With these strong statements, Stratasys is no longer fooling around and clearly wants these unsolicited bids to end. Further, they’ve asked their existing shareholders to each file a “Notice of Objection against the offer” with their broker.
The matter is so concerning to Stratasys that they’ve issued a lengthy 72-page highly detailed explanation of the situation from their point of view. You can read the PDF report here.
Desktop Metal Shareholder Rights Plan
Meanwhile, Desktop Metal, still an independent company, has taken an important move of their own. They’ve instituted a special “Limited
Duration Shareholder Rights Plan”, which seems intended to counter potential actions from Nano Dimension. They explain:
“The rights plan will guard against open market accumulations and other coercive tactics aimed at gaining control of the Company without paying all shareholders a full control premium for their shares. The rights plan will not prevent any person from making a superior proposal pursuant to the terms of the merger agreement.”

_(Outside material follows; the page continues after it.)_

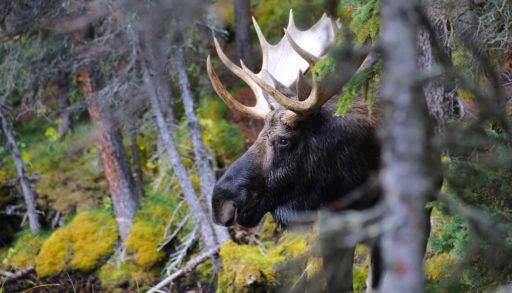 Large dark brown moose peering out from the trees.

Basically the plan involves providing existing shareholders the ability to acquire special preferred stock to block a takeover by another entity, such as Nano Dimension. The plan expires in a few weeks, suggesting that after that period the danger of a takeover will be moot.
Evidently the folks at Stratasys and Desktop Metal are undertaking multiple actions to ensure their planned merger takes place without unwanted interference from Nano Dimension.
After the merger it would be difficult to imagine Nano Dimension being able to mount another takeover attempt. While Nano Dimension currently holds about 14.5% of Stratasys stock, this will be diluted notably after the merger. It would then require substantially more dollars for Nano Dimension to gain control over the much larger Stratasys.
Should Nano Dimension’s latest bid to takeover Stratasys succeed, then the Desktop Metal merger proposal would likely evaporate and all the potential value from that deal would similarly disappear. I’m not at all surprised Stratasys and Desktop Metal are taking these actions.
With these moves by both Stratasys and Desktop metal, we could finally see the end of the Nano Dimension takeover campaign.